CVE-2024-34158 Overview
CVE-2024-34158 is a stack exhaustion vulnerability in the Go programming language's build tag parser. The vulnerability occurs when the Parse function processes a // +build build tag line containing deeply nested expressions, leading to uncontrolled recursion that exhausts the call stack and causes a panic. This denial of service vulnerability can be triggered remotely by providing malicious input to any application that parses untrusted build constraint expressions.
Critical Impact
Applications parsing untrusted Go source files or build constraints are vulnerable to denial of service attacks through crafted build tag expressions that cause stack exhaustion and application crashes.
Affected Products
- Go programming language (go/build/constraint package)
- Applications using go/build/constraint.Parse with untrusted input
- Build systems and tools processing Go source files
Discovery Timeline
- 2024-09-06 - CVE-2024-34158 published to NVD
- 2024-11-21 - Last updated in NVD database
Technical Details for CVE-2024-34158
Vulnerability Analysis
This vulnerability is classified under CWE-674 (Uncontrolled Recursion), which represents a category of flaws where recursive function calls are not properly bounded, leading to resource exhaustion. The vulnerable code path exists in the go/build/constraint package, specifically in how the Parse function handles legacy // +build directive syntax.
When processing build tag lines, the parser recursively evaluates nested expressions. An attacker can craft input with deeply nested logical expressions (using combinations of AND, OR, and NOT operators) that cause the parser to recurse to an excessive depth. Since Go does not implement tail-call optimization and has a fixed stack size, this uncontrolled recursion eventually exhausts available stack space, triggering a runtime panic.

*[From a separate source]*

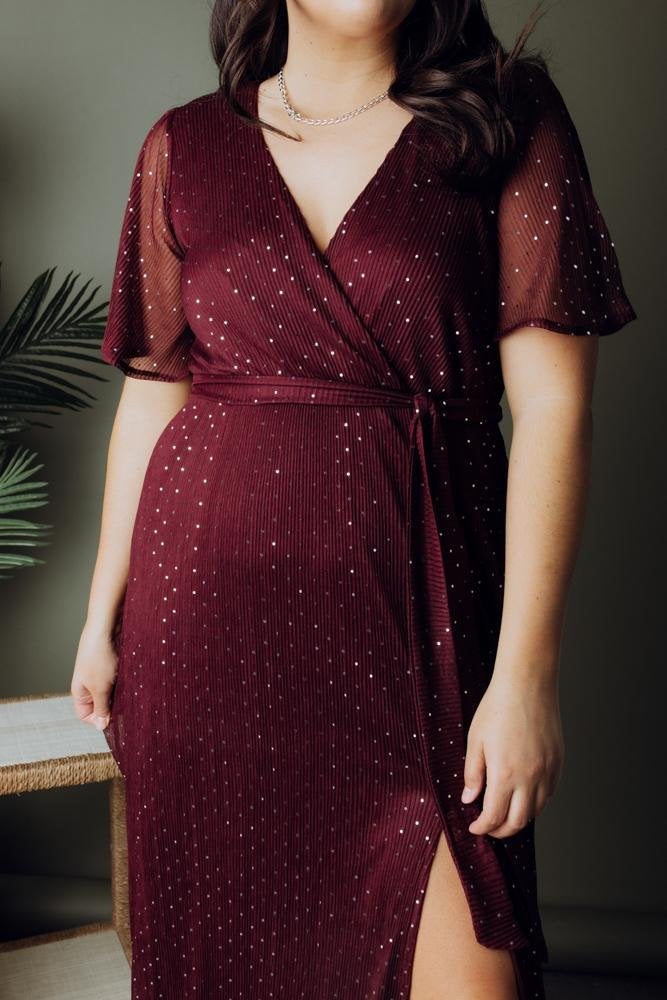 Fabric Swatch - Grace Sparkle | Mulberry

The vulnerability is network-exploitable because many Go-based tools and services parse source files or build constraints from untrusted sources, including package registries, code repositories, and continuous integration systems.
Root Cause
The root cause is insufficient depth limiting in the recursive descent parser for build constraint expressions. The legacy // +build syntax allows arbitrary nesting of boolean expressions, and the parser follows this nesting without tracking or limiting recursion depth. This design flaw allows malicious input to control stack consumption, violating the principle of bounded resource usage.
Attack Vector
The attack can be executed remotely over a network by providing a specially crafted Go source file or build constraint string to any service that uses go/build/constraint.Parse. The attacker constructs a build tag line with deeply nested expressions, such as repeated parenthetical groupings or chained operators. When the target application attempts to parse this input, the recursive parser descends through each nesting level, consuming stack frames until the stack is exhausted and the application crashes.

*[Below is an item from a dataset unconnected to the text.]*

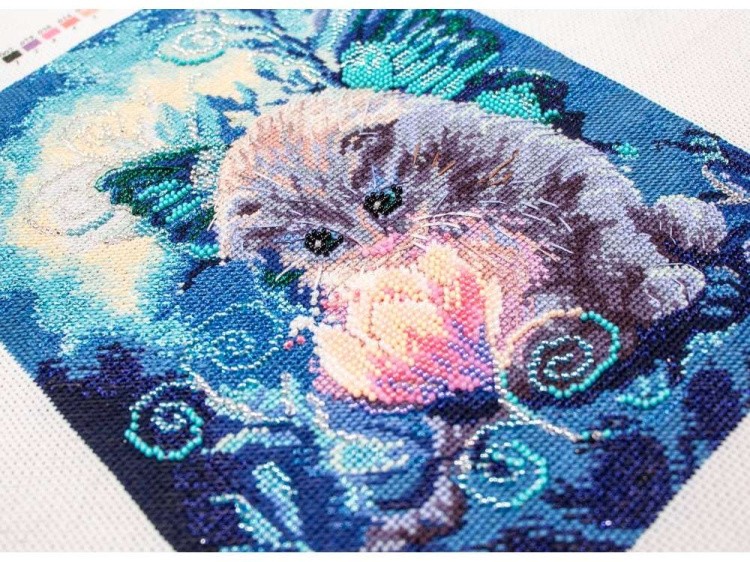 Набор для вышивания «Маленькое чудо» — картинка 3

Potential attack scenarios include:
- Submitting malicious Go packages to module proxies or registries
- Providing crafted source files to code analysis tools
- Targeting build systems that process untrusted repositories
Detection Methods for CVE-2024-34158
Indicators of Compromise
- Unexpected application crashes with stack overflow panic messages
- Go runtime errors indicating stack exhaustion during source file parsing
- Log entries showing panics in go/build/constraint package functions
- Service availability issues correlated with processing of specific Go source files
Detection Strategies
- Monitor for Go panic stack traces containing go/build/constraint.Parse or related functions
- Implement resource monitoring for applications that parse Go source files from untrusted sources
- Deploy application-level logging to capture input that triggers parsing failures
- Use static analysis to identify code paths where untrusted input reaches Parse functions
Monitoring Recommendations
- Set up alerts for abnormal process termination patterns in Go applications
- Monitor memory and CPU usage spikes that may precede stack exhaustion
- Implement request logging with payload capture for debugging crash incidents
- Track service restarts and correlate with recent input patterns
How to Mitigate CVE-2024-34158
Immediate Actions Required
- Update to patched Go versions that include the fix from Go changeset CL 611240
- Identify all applications and services that parse Go source files or build constraints
- Implement input validation to reject excessively complex build tag expressions before parsing
- Consider sandboxing or resource limits for processes handling untrusted Go source input
Patch Information
The Go team has addressed this vulnerability in the official fix referenced in Go changeset CL 611240. The patch introduces proper depth limiting in the build constraint parser to prevent unbounded recursion. Full details are available in the Go vulnerability report GO-2024-3107 and the issue tracker entry. NetApp users should also review the NetApp Security Advisory for product-specific guidance.
Workarounds
- Implement pre-validation of build tag complexity before calling Parse functions
- Set resource limits (stack size, execution time) on processes parsing untrusted input
- Use process isolation or containers to limit the impact of crashes
- Filter or sanitize Go source files before processing to remove or simplify build constraints
# Example: Setting stack size limits for Go applications (Linux)
ulimit -s 8192
# Run application with reduced stack to fail faster on deep recursion
./your-go-application
# Alternative: Use a wrapper to limit resources
systemd-run --scope -p MemoryMax=512M -p CPUQuota=50% ./your-go-application
Disclaimer: This content was generated using AI. While we strive for accuracy, please verify critical information with official sources.